Thursday 11 December 2008

The Necessity of, and Challenges to, Protecting Bitakhon Yesodi


Overview
For the State of Israel, continuing to control non-sovereign territories populated by non-citizens is a death-trap. The ongoing occupation of a hostile population is eroding the conditions necessary for Israel’s continued existence as a Jewish and democratic state. Yet ongoing occupation of this population also allows for the most effective defence, at a tactical level, of Israeli citizens against terrorism. This dilemma is exploited by Israel’s enemies, who have learned to structure their strategies so as to exploit it. Overcoming the contradiction which this dilemma presents is necessary to ensure the long-term viability of the Israeli state. In concrete terms, overcoming the contradiction means finding a way to ensure security without operating inside the Palestinian population and society. This means replacing occupation with deterrence.

A Stark Choice That Must be Avoided
Israel needs to take measures to start moving towards the drawing a clear eastern border for itself such that all the land on one side will be sovereign Israeli territory and all the land on the other side will be clearly outside of Israel. All the people on one side will be citizens with equal rights, regardless of religion or ethnicity, and all the people on the other side will be non-citizens, (or they may happen to be Israeli citizens abroad). I made this argument in greater detail in my previous blog post (Borders for Israel), but I would add here that should Israel follow the right-wing policy of clinging to the Arab-populated areas of Judea and Samaria, perhaps even annexing them, Israel would face a stark choice: in what relation to the Israeli state are the Arabs of those territories (currently non-citizens) to stand? Israel would face four basic options: (a) grant them full Israeli citizenship and all the rights that come with it; (b) grant them some sort of partial set of civil rights as has been done for the Arabs of east Jerusalem; (c) expel them by force; (d) kill them. There are simply no other options, and each of these four options would bring about the destruction of Israel. The first option would be indistinguishable from granting the Palestinians the 'right of return' and would catastrophically upset Israel’s demographics. The second option would mean establishing, by law, two separate classes of citizens in Israel, distinguished along ethnic or religious lines, with one class having more rights than the other. This would amount to an apartheid system, and besides being immoral, it would also be untenable. It is bad enough that this sort of situation already exists in east Jerusalem. The third option is simply unacceptable; even the far-right acknowledges that. The fourth option is genocide.

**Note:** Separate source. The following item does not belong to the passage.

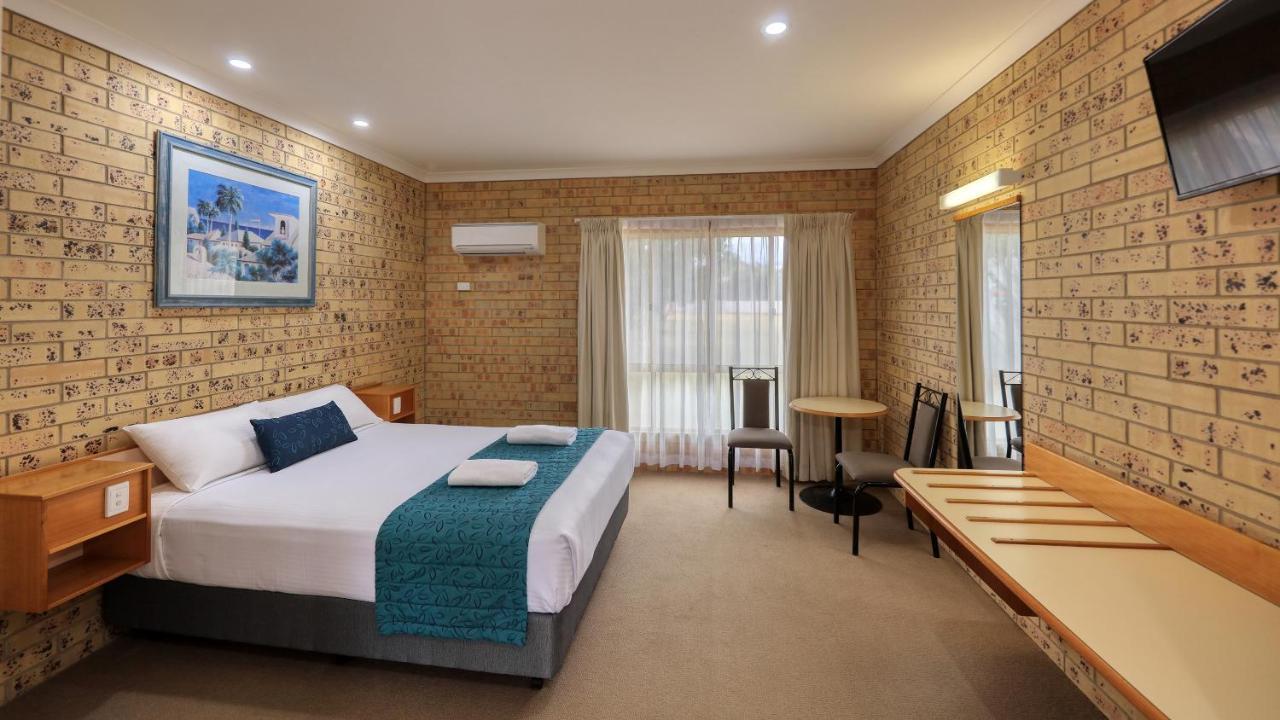 Mulga Country Motor Inn Чарлєвілль Екстер'єр фото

So if Israel were to cling to non-sovereign territories populated by non-citizens, she would face this lethal choice. But this choice is not something that will arise from one day to the next. It is something that grows over time, and today it already looms large. So far, Israel has refused to embrace the choice and pick one of the four options I have listed. This is hardly a surprise, given their obvious drawbacks. But so long as Israel remains in the territories which I am discussing yet delays the making of this choice, it remains in a state of limbo. And as time goes on, pressure to choose one of the four self-destructive options only increases, as no state of limbo is permanent (that’s why it’s called a state of limbo). Just as actually making the choice (in whichever direction) would bring Israel closer to its demise, so then, pressure on Israel to make it is pressure towards Israel’s destruction. There is absolutely no viable option for Israel but to step back from the precipice, to take distance from the necessity of making that terrible choice, and to find some other course of national development.

What I am arguing is perfectly in line with basic axioms of political science. My argument amounts to insisting that Israel ought to strengthen her control over her sovereign territory, clarify her borders, and preserve the loyalty of her citizenry. This last point involves simultaneously preserving the Jewish majority while guaranteeing members of the Arab minority equal rights and equal opportunity in every respect. Allowing continued slippage in these elementary areas of statecraft undermines the long-term viability of the Israeli state.

The Contradiction Between ‘Bitakhon Shotef’ and ‘Bitakhon Yesodi’ as the Cornerstone of Terrorist Strategy
So far, I have said nothing about Palestinian terrorism; the ongoing threat of terror is far too often ignored by those cooking up ‘solutions’ to this region’s problems. There are armed groups in Judea and Samaria (and of course Gaza) that are funded and equipped by the likes of Iran. They are currently being kept at bay by Israel's ability to operate within the territories. Here is Israel's single greatest problem: the very intermixing of populations and vagueness of borders which I believe is such a threat to the state's very existence is also the condition that allows the Israeli security forces to operate so effectively against terror. A clear border and a clear separation from the Palestinians would strengthen the state in the long term, but it would reduce Israel's ability to defend itself against terror attacks in the short term, on a day-to-day basis. This dilemma is best understood through the distinction, which I learned from Professor Asher Susser of Tel Aviv University, between 'bitakhon shotef' (current security) and 'bitakhon yesodi' (basic, or fundamental, security).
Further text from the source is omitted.